Since metadata of different content types are stored in different data storage spaces, after the stored attribute items and corresponding attribute values are read from the map database, the content types can be determined according to the target storage space in which the attribute items and corresponding attribute values are stored.
As an example, when the metadata belongs to the cluster member information, the corresponding target storage space is a, the metadata belongs to the cluster data separation information, and the corresponding target storage space is B. When the target storage space for storing the attribute items and the corresponding attribute values is determined to be B, the content type of the metadata may be determined to be the cluster data separation information.
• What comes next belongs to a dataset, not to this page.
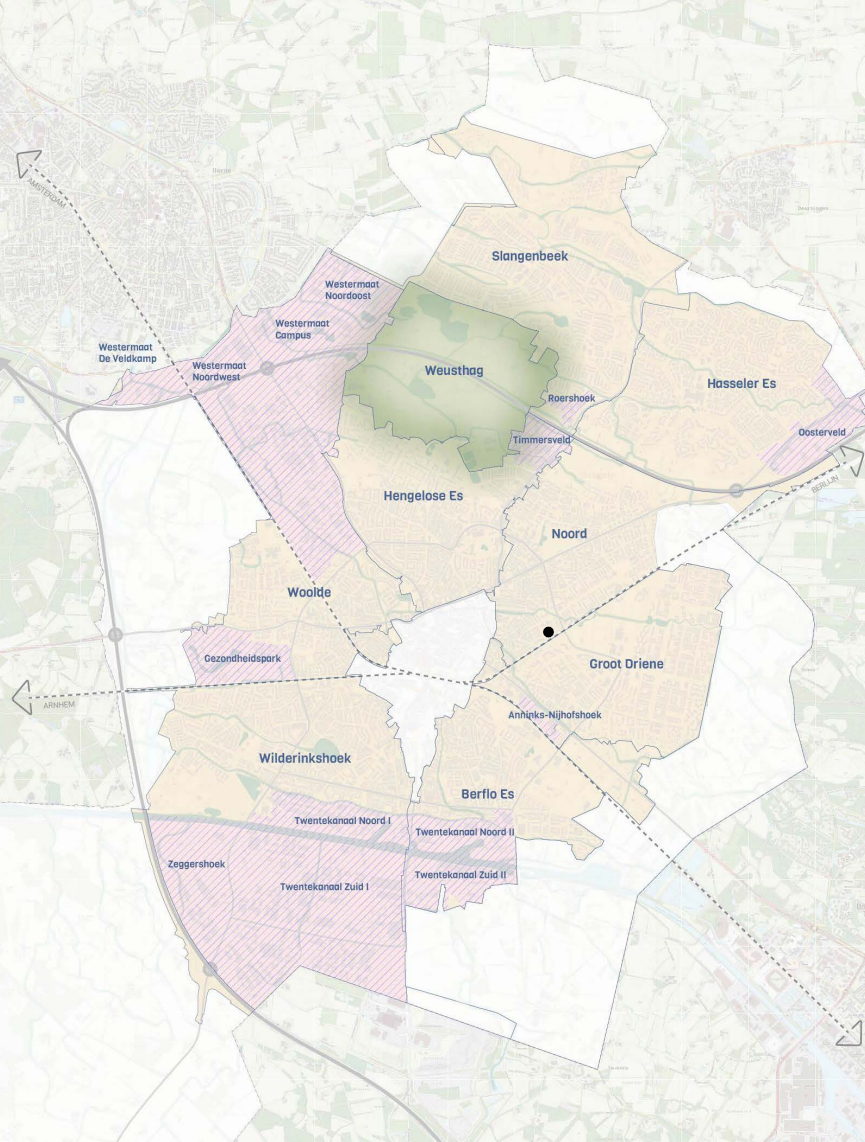 Kaart van Hengelo waarop het visiegebied is weergegeven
Step 503, querying the attribute field and the corresponding attribute value field according to the content type described by the attribute item and the corresponding attribute value.
Step 504, determining metadata in the graph database according to the characters in the attribute items that match the attribute value fields and according to the characters in the attribute values that match the attribute value fields.
In the embodiment of the present application, the implementation processes of step 503 and step 504 may refer to the implementation processes of step 402 and step 403 in the foregoing embodiment, and are not described herein again.
In order to implement the above embodiments, the present application proposes a storage device of a graph database.
FIG. 6 is a schematic structural diagram of a storage device for a graph database according to an embodiment of the present application.
As shown in fig. 6, the storage device 600 of the graph database may include: an acquisition module 610, a determination module 620, an extraction module 630, and a storage module 640.
The obtaining module 610 is configured to obtain metadata to be stored in a graph database.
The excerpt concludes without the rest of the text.